On the face of it, doing so would not seem like a particularly smart strategy. To begin with, if the test fails, you look vulnerable. If it succeeds, you almost appear as a nation with a dangerous, aggressive swagger even if you are still not carrying the nuclear stick.
That, in turn, could all too easily make you the target of a pre-emptive strike aimed at making sure you never get the chance to launch one yourself.
Give this, why does Pyongyang persist in pursuing its current, seemingly absurd and provocative brinkmanship?
The answer is that, far from being inept and ill considered, it is and has for decades proved to be an effective diplomatic formula.
George Friedman, chairman of the global intelligence think-tank Stratfor, eloquently summed it up as follows.
He said: "First the North Koreans positioned themselves as ferocious by appearing to have, or to be on the verge of having, devastating power.
"Second, they positioned themselves as being weak such that no matter how ferocious they are, there would be no point in pushing them because they are going to collapse anyway.
"And third, they positioned themselves as crazy, meaning pushing them would be dangerous as they were liable to engage in the greatest risks imaginable at the slightest provocation."
He said this "ferocious, weak, crazy" strategy had served Pyongyang in good stead.
Using it, the North Koreans have effectively held the world's great powers to ransom, forcing them to the negotiating table often at the cost of food aid and financial help as a sweetener to ensure Pyongyang does not further pursue its nuclear ambitions.
Historically, Pyongyang's ally China has acted as the go-between for this process.
However, there are signs Beijing might just be getting a little fed up with Pyongyang's tactical shenanigans and it may be looking to rethink how it handles its North Korean strategic buffer.
Until now, China has appeared unable or unwilling to rein in its communist ally.
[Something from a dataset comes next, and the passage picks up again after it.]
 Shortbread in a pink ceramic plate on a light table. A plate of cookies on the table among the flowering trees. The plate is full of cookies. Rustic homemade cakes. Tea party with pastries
That said, the two nations have much in common.
In an essay a few years ago one of China's most influential social critics described his feeling toward North Korea as "a straggler looking back sympathetically at someone trailing even further behind".
As for the rest of the world's take on the regime of Kim Jong-un, notably the US, much has been made lately about Washington's lethargy in handling the crisis.
At the root of this slowness, insist some analysts, lies a dearth of Korea experts at the top of the Obama administration's Asia policy team.
According to the US-based Foreign Policy (FP) magazine, almost all the senior officials handling the North Korea crisis have specialities outside of Korean affairs.
This stands in marked contrast to the previous two occasions in October 2006 and May 2009 when Pyongyang carried out nuclear tests.
A senior Washington Asia hand was quoted as telling FP: "There are no people who work Korea at the top levels of the policy team... they've been in the driver's seat, but they don't know where they are going."
Yesterday, the stand-off continued with President Barack Obama reaffirming US commitments to Japan's security and pledging to work with the country to galvanise action at the United Nations Security Council aimed at impeding North Korea's nuclear and ballistic missile programmes.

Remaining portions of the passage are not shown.